DATASET EXCERPTS:
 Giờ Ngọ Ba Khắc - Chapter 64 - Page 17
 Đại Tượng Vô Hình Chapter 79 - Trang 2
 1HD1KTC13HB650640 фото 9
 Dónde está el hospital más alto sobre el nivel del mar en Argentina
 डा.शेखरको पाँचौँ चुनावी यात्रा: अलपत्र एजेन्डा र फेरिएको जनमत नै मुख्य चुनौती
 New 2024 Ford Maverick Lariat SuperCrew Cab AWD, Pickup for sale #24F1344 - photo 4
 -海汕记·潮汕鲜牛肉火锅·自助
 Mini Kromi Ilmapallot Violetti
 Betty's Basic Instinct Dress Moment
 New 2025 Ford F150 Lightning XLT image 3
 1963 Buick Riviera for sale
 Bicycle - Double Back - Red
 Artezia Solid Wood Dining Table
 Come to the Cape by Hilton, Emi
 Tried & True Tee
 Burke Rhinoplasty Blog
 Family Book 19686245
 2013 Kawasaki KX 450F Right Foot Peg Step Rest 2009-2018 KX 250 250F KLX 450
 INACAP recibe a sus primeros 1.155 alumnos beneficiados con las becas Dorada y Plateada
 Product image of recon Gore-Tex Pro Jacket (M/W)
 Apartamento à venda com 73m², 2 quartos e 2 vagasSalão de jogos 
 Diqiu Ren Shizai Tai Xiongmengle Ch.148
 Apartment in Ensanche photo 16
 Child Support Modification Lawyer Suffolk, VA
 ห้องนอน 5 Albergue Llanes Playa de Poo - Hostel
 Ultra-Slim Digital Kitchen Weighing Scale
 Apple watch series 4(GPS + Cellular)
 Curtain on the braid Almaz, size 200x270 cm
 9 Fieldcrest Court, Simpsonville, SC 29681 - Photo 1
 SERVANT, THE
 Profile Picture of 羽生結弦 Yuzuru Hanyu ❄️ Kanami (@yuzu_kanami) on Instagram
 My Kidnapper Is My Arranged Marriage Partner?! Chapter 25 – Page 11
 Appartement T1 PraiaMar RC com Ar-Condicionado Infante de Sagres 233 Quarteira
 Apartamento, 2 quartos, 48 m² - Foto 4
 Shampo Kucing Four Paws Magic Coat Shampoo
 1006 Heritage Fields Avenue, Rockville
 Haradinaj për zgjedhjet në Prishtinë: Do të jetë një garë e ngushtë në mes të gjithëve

TASK DIRECTIONS: Retype, exactly as written, everything from the first line of the data above through the line containing "डा.शेखरको पाँचौँ चुनावी". Nothing else should appear.

EXERCISE SOLUTION:
 Giờ Ngọ Ba Khắc - Chapter 64 - Page 17
 Đại Tượng Vô Hình Chapter 79 - Trang 2
 1HD1KTC13HB650640 фото 9
 Dónde está el hospital más alto sobre el nivel del mar en Argentina
 डा.शेखरको पाँचौँ चुनावी यात्रा: अलपत्र एजेन्डा र फेरिएको जनमत नै मुख्य चुनौती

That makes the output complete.